The BSP has said that it will announce a candidate on the day of a scheduled national council meeting, August 14. Before then, the party is due to hold talks with two splinter left-wing parties, Georgi Purvanov’s ABC and Tatyana Doncheva’s Movement 21, about a joint leftist candidate.
Radev was said to have requested to retire because he had reached pensionable age under Bulgaria’s law on the military.
He has resigned once before, on October 1 2015, saying that a lack of financial resources for the air force made it impossible for him to do his job properly. But the same day that he submitted his resignation, Radev withdrew it, after centre-right Prime Minister Boiko Borissov summoned him for a discussion.
At the time, Borissov was understood to have made undertakings to Radev. Some months later, the government and Parliament approved a big-ticket project to acquire modern multi-role jet fighters for the Bulgarian Air Force, to replace the country’s ageing Russian-made aircraft that fail to meet Nato standards.

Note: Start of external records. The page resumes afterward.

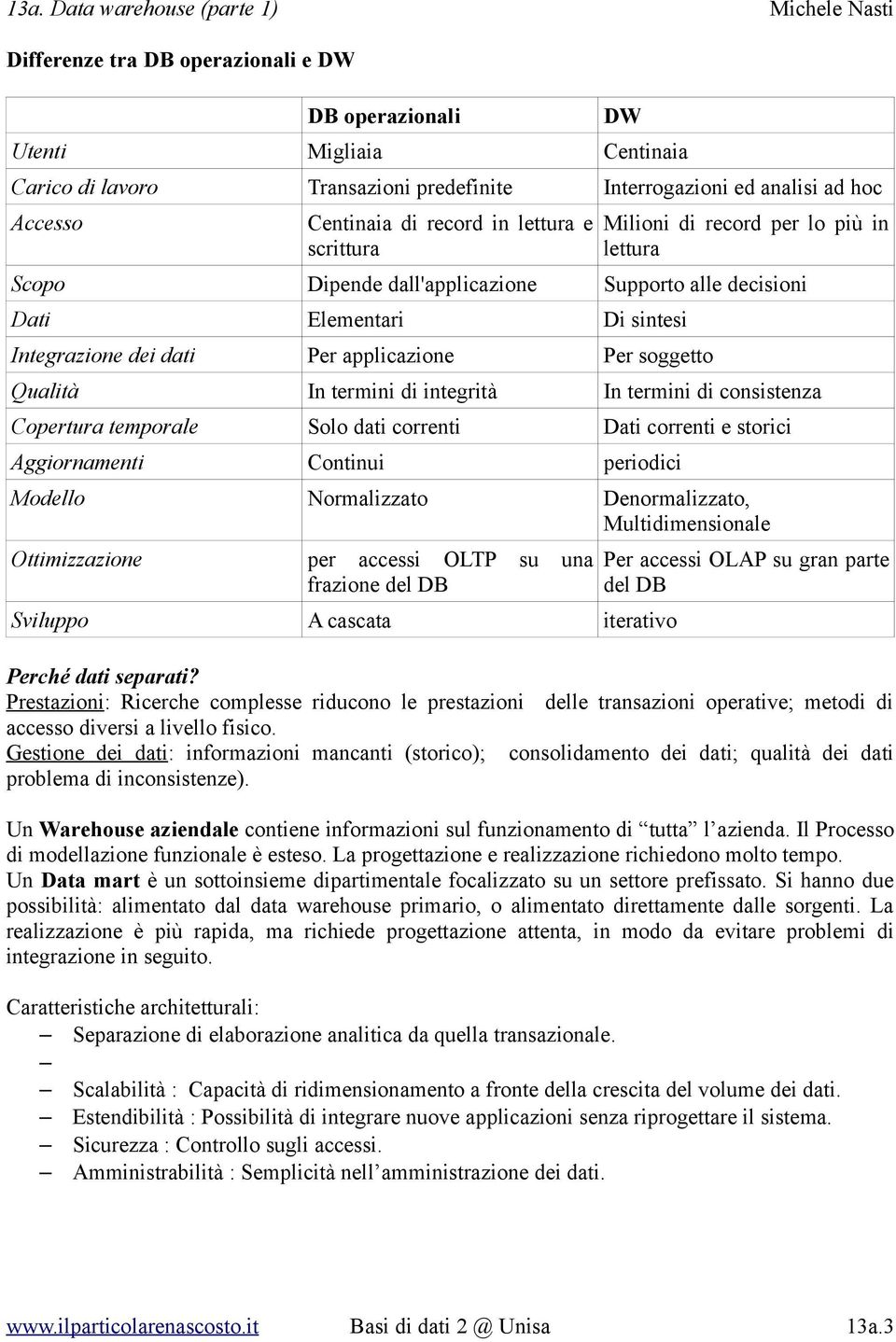 termini di integrità In termini di consistenza Copertura temporale Solo dati correnti Dati correnti e storici Aggiornamenti Continui periodici Modello Normalizzato Denormalizzato, Multidimensionale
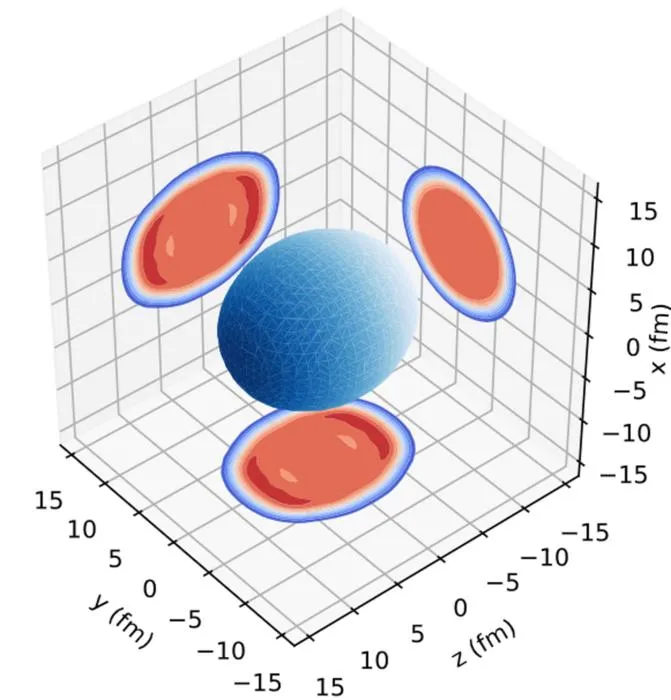 charge density fermium-255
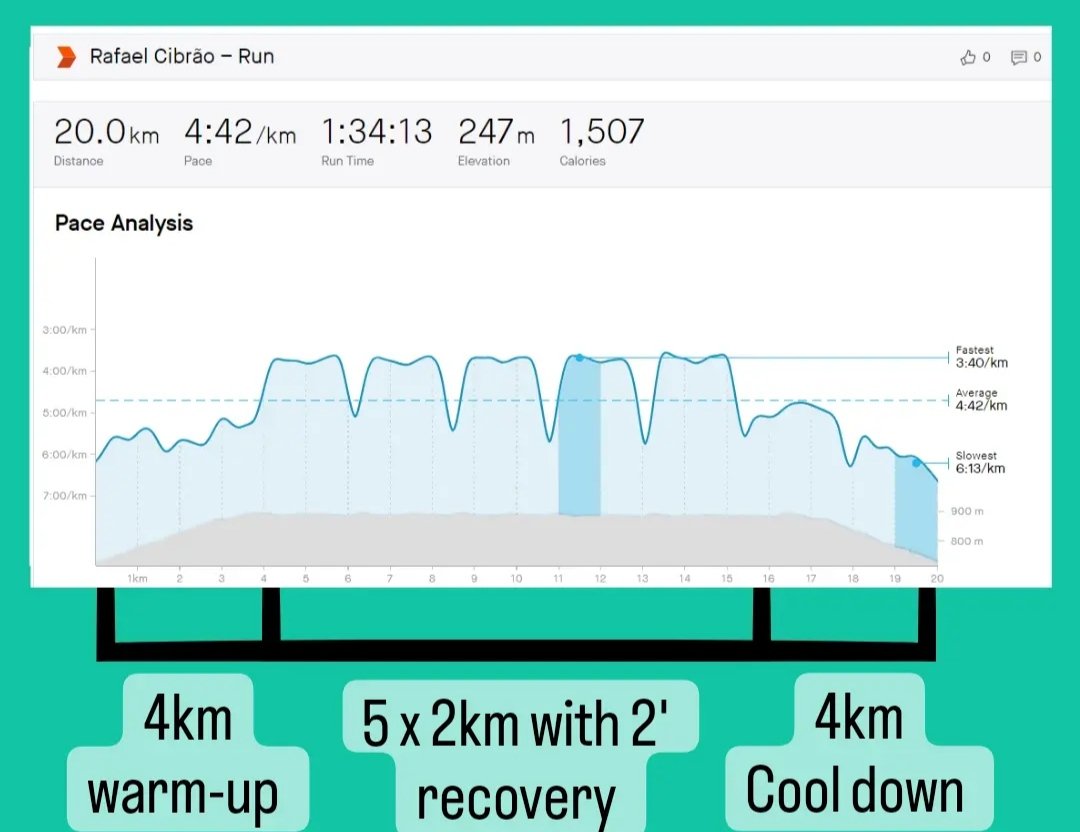 RafaelCibrao's tweet photo. Yesterday's interval session!
5 x 2km (7:28 | 7:26 | 7:25 | 7:25 | 7:17)
I tried to keep it slightly faster than race goal pace and felt good!
#run #running #strava #corrida #training #traininganalysis https://t.co/tsN2EZu6EW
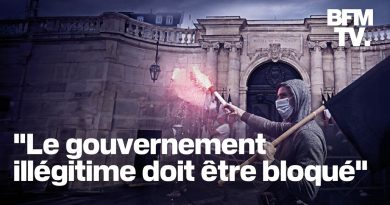 France en crise : tensions politiques et mouvements sociaux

Media reports have named Radev as a possible candidate on a left-wing ticket in the November 6 elections, in which voters will be asked to choose a successor to Rossen Plevneliev, who was elected on the ticket of Borissov’s party in 2011 but who, for personal reasons, is not seeking a second term as head of state.
The BSP has largely been in decline for some years, damaged especially by its role in the discredited 2013/14 government which was the subject of large-scale public protests demanding its resignation after the short-lived election of controversial figure Delyan Peevski as head of the State Agency for National Security.
The BSP’s current leader, Kornelia Ninova, elected in May 2016, has seen a slight increase in support for the party since she took up the post. However, Ninova has said repeatedly that she would not be available to be her party’s presidential candidate. The party has been struggling to find someone whose candidacy would be supported beyond the BSP’s most loyal hardcore electorate, a quest complicated by the issue of trying to come up with someone palatable to other left-wing parties and a potential electorate outside party ranks.
No major political party in Bulgaria has yet named its presidential candidate, apart from two nationalist political forces, leaving the characters in the November contest largely the subject of a guessing game.